Sorry, I genericized a bit. Starting from B'ham, you have to go around Lummi Is and cross over into the islands. Depending on where you're going, this could be ~3 hrs. Sometimes the winds from the straits can funnel down through here and things can get a bit rough depending on tide etc. The "3 hrs" is actually 6 hrs cuz you have to go back. On a week long trip, this can be a significant piece of time. My point was that perhaps starting from Anacortes might give you more time "in the islands" depending on your itinerary.


----------



## CharlieCobra (May 23, 2006)

AT least if ya come out of B-Ham you'll likely have some wind in the Summer, unlike Anacortes...


----------



## jackdale (Dec 1, 2008)

CharlieCobra said:


> AT least if ya come out of B-Ham you'll likely have some wind in the Summer, unlike Anacortes...


And Rosario can have some very nasty currents. I have not sailed out of Bellingham, so I cannot comment.


----------



## jrd22 (Nov 14, 2000)

I think Moorings is in B'ham also. I see their boats out here. Anacortes will be an hour or two shorter trip each way, you have to cross Rosario St. regardless.
I thought I heard about a charter outfit in Friday Harbor on San Juan Island, but don't remember the name.


----------



## Checkov (Mar 2, 2011)

Thanks all, this is great info.


----------



## watchoverya (Jan 22, 2011)

San Juan Sailing (San Juan Island Sailing Charter San Juan Yacht Charters San Juan Islands Sailing School BareBoat Charters Pacific Northwest Sailing) out of Bellingham is fantastic. Great boats, great people. B'ham (IMHO) is the place to start from if you want the best (northern) part of the San Juans.


----------



## FishSticks (Nov 16, 2007)

Chartered a trawler from AYC the last week in August 11 years ago.. My only time on a power boat. There was zero wind the entire week. Had a great time and AYC was first rate.


----------



## HathewayB (Jan 4, 2011)

You've probably got your answers by now, but if you still have not made up your mind...
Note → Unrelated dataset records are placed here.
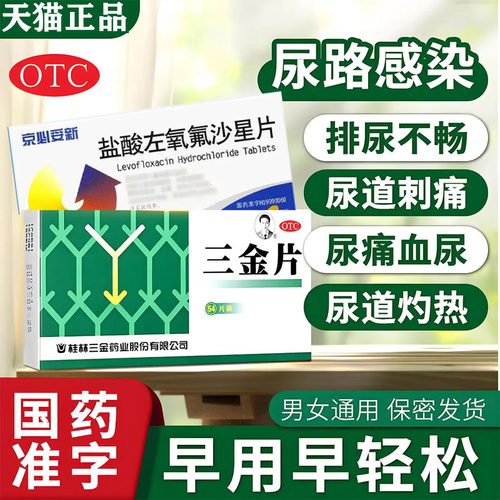 【三金】三金片0.29g*54片/盒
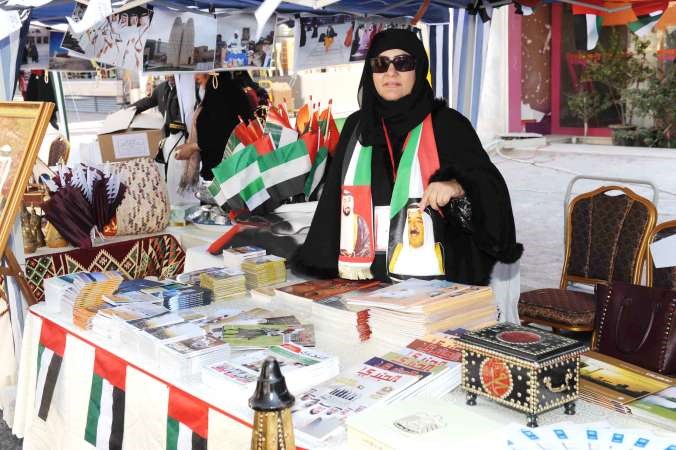 دامت افراح الكويت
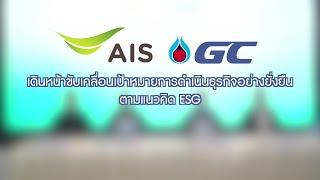 GC x AIS ผนึกกำลังดำเนินธุรกิจตามแนวคิด ESG สร้างต้นแบบองค์กรยั่งยืน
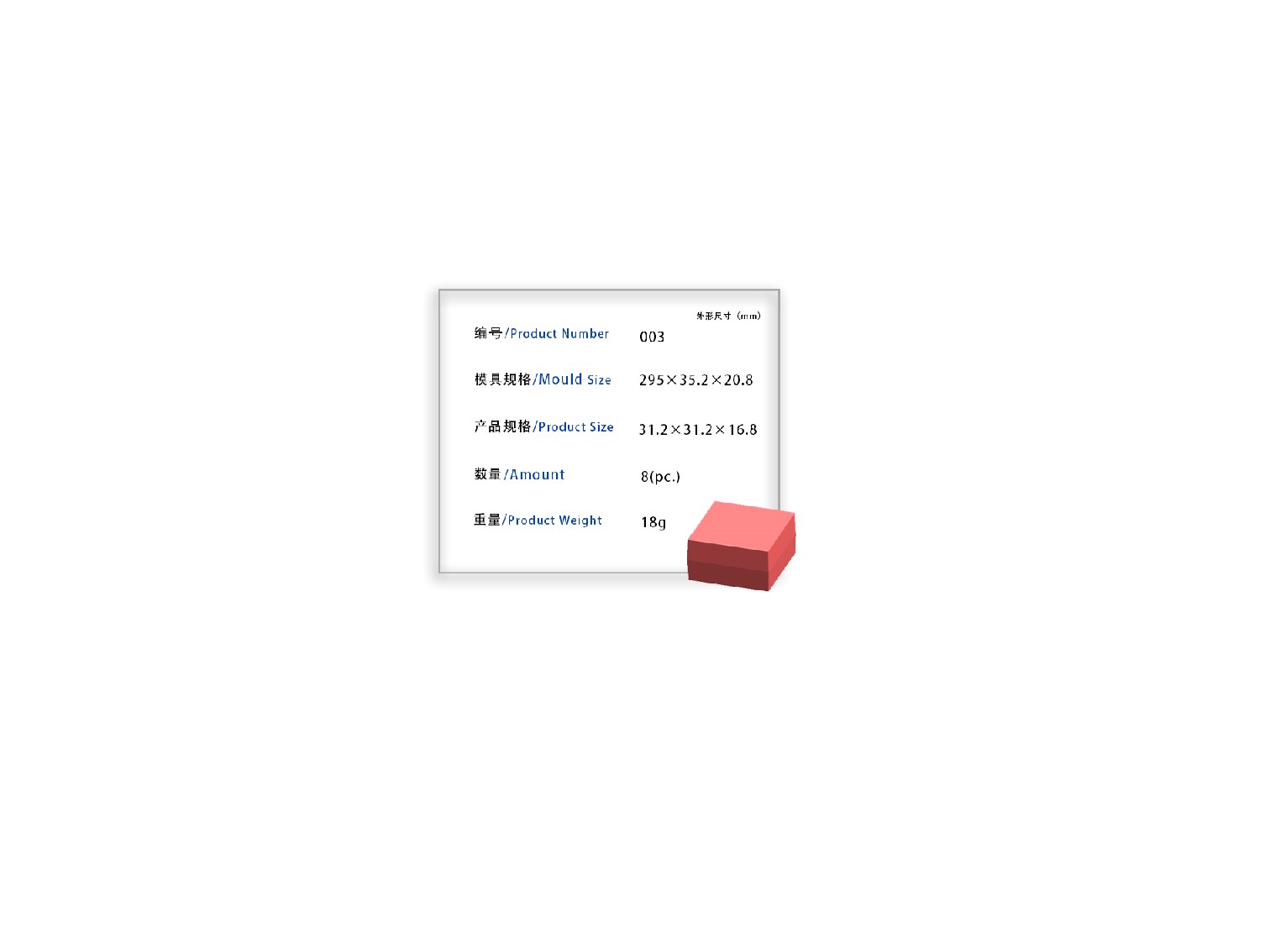 手工软糖模具怎样|供应奇亮模具高质量的手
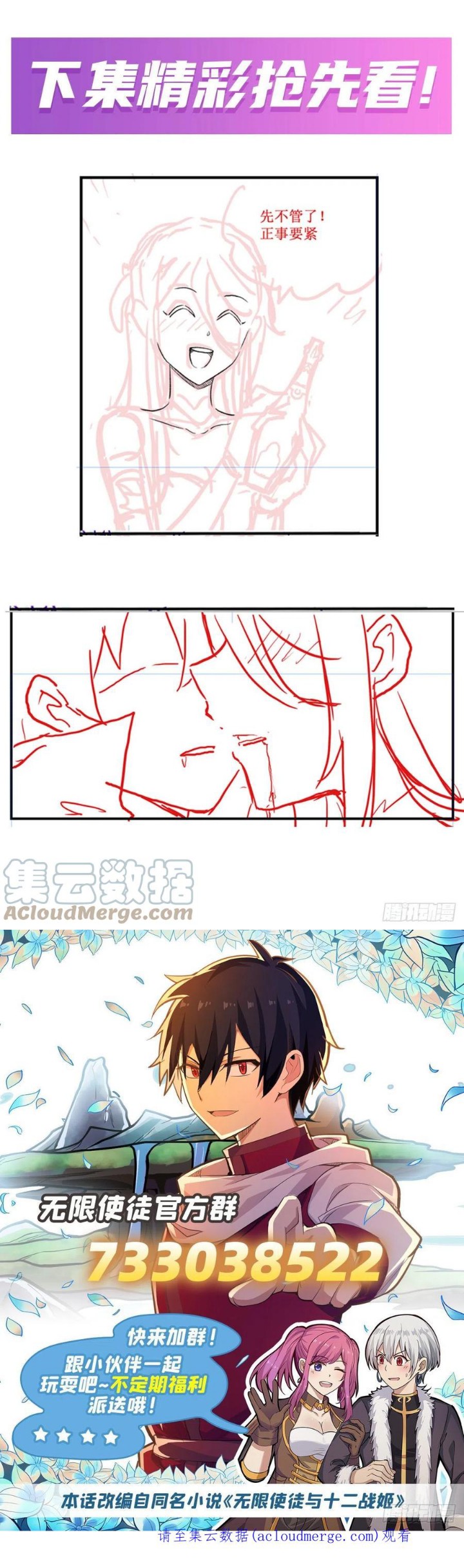Wuxian Shitu Chapter 243 Gambar 30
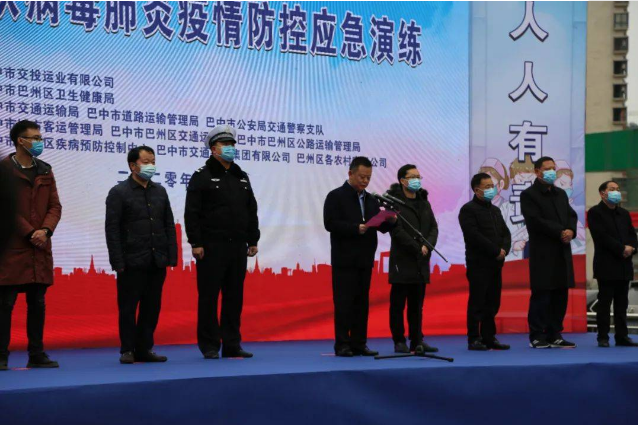 12.31疫情巴中交通疫情演练1.png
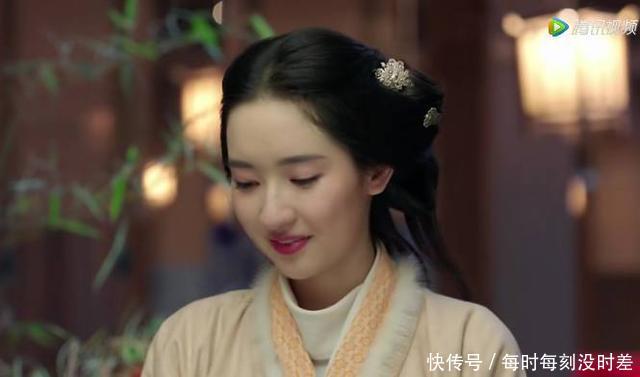 曹节表白刘平,刘平笑了,他的回答让曹节又笑又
San Juan Sailing is great, especially for 1st timers in the San Juans or Canadian Gulf Islands. They have a great skipper's meeting on the Friday afternoon/evening before your charter starts on Saturday. They cover in great detail all the charts, tide schedules and current charts (very important in the SJ's) and all the safe anchorages and passages. The hand out charts showing all the hazardous rocks, and there are a lot out there! They have very informational discussions about where and when to see whales and how to respectfully, and legally, view the whales. As reminders to infrequent charter boaters they also cover anchoring and docking techniques and they provide suggested itineraries around the Islands. Also, if you sign up for their Friday sleep-on-the-boat option they include a nice BBQ right after the skipper's meeting, which is a lot of fun and you get to meet the others that you will be sharing anchorages with during the week. 

A couple of added advantages to Bellingham, IMO...easy access from I-5, very convenient and close provisioning grocery stores, free and accessible parking at SJS. Very, very convenient.


----------